Les terrains d’aventure échappent à la norme.
Pour quelles raisons ont-ils disparu en France ?
A.R. : Il y a eu une montée en puissance des réglementations, une frilosité de l’institution et le fait que ces terrains ont émergé sur des friches temporaires qui ne résistent pas à la pression foncière. C’est toujours le cas : les terrains de Villiers-le-Bel et de Bagnolet occupent des sites à l’abandon avant qu’ils ne soient réaménagés. Ce sont des utilisations malignes et inventives, mais ces projets restent fragiles, tout le travail des équipes est de peser dans le processus d’aménagement. En tant que paysagiste, les terrains d’aventure m’intéressent parce qu’ils remettent en question nos pratiques professionnelles : nous avons beaucoup à apprendre sur les besoins qui s’y expriment et sur la manière dont on peut fabriquer les espaces en les habitant.
Ce sont des espaces qui résistent, qui, sur le plan paysager, ne sont pas satisfaisants – on peut avoir l’impression que c’est un grand bazar de choses entassées –, cela remet en question les modèles de villes bien entretenues . Spatialement, un terrain d’aventure, ce n’est pas grand-chose ; ce qui est fort, c’est la structure mise en place qui pose les conditions des pratiques de jeu, d’expérimentation et de prise de risques.
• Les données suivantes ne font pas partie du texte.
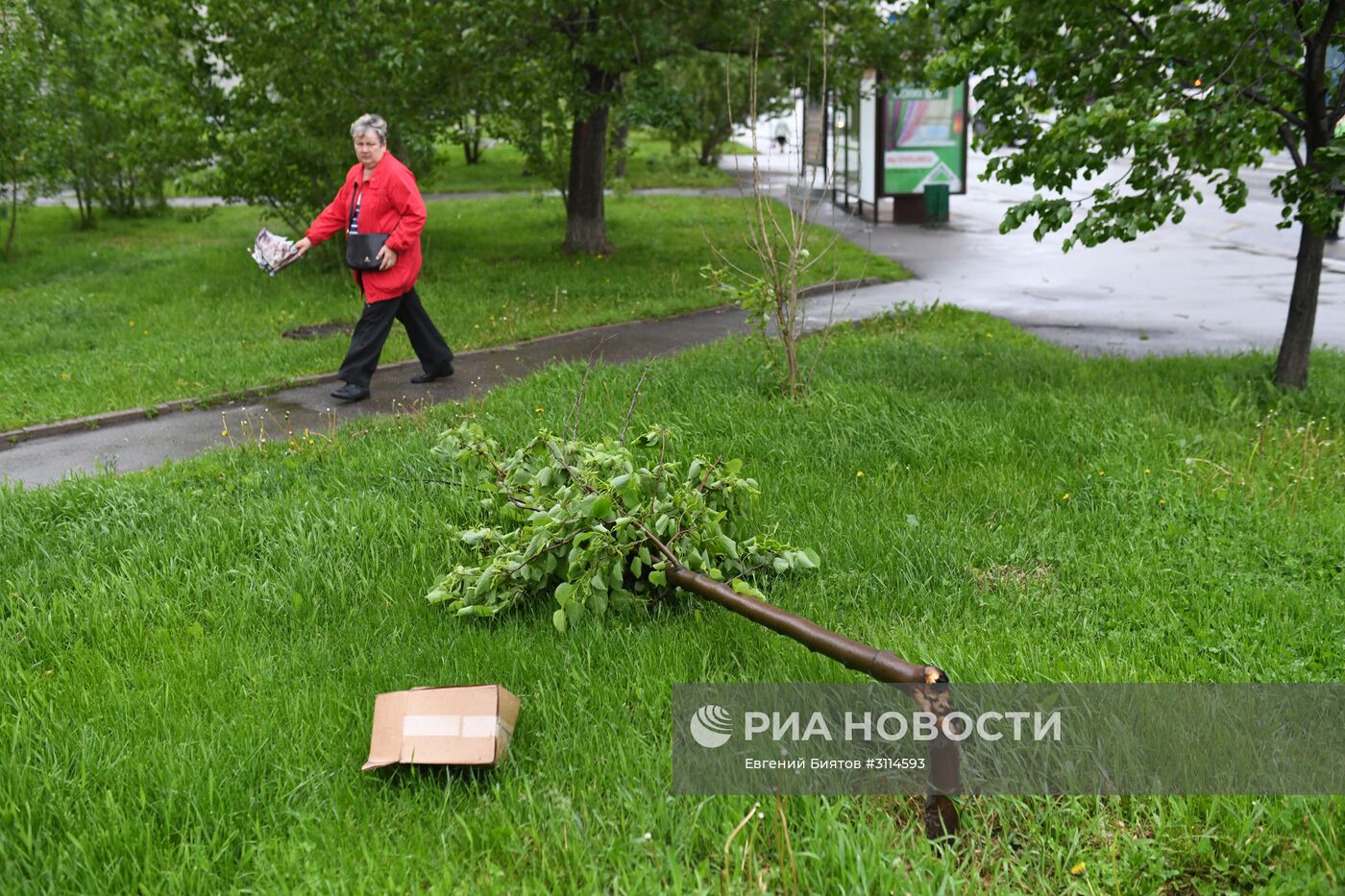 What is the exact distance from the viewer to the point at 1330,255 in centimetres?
1628

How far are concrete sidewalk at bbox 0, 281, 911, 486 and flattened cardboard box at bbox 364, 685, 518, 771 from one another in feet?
12.7

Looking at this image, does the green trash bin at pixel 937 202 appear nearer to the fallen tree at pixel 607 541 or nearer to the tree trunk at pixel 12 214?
the tree trunk at pixel 12 214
Quels sont les bénéfices pour les enfants ?
A.R. : Ils peuvent s’y approprier leur environnement. L’espace public n’est pas toujours accessible ni confortable pour les enfants. Dans les quartiers populaires, ils sont souvent dehors, et inventent d’eux-mêmes des espaces pour jouer. Le terrain d’aventure ouvre des possibilités pour ces pratiques informelles. Les enfants reviennent, avec leurs cousins, leurs frères et sœurs, ils savent qu’ils y sont en sécurité et qu’en même temps c’est un espace d’entière liberté. Je voudrais aussi pointer ce qu’apportent les terrains d’aventure en termes d’égalité. A Villiers-le-Bel, l’équipe avait remarqué que les jeunes filles, entre 12 et 16 ans, ne pratiquaient pas le terrain pour elles-mêmes mais qu’elles y tenaient le rôle d’adulte, elles accompagnaient et surveillaient les petits ; il y a eu tout un travail pour leur permettre de trouver leur place, d’expérimenter et d’apprendre. Dans ce lieu, il y a la possibilité d’utiliser des outils, que l’on soit garçon ou fille… Les terrains d’aventure permettent aussi de toucher des enfants qui passent sous les radars des centres d’animation classiques.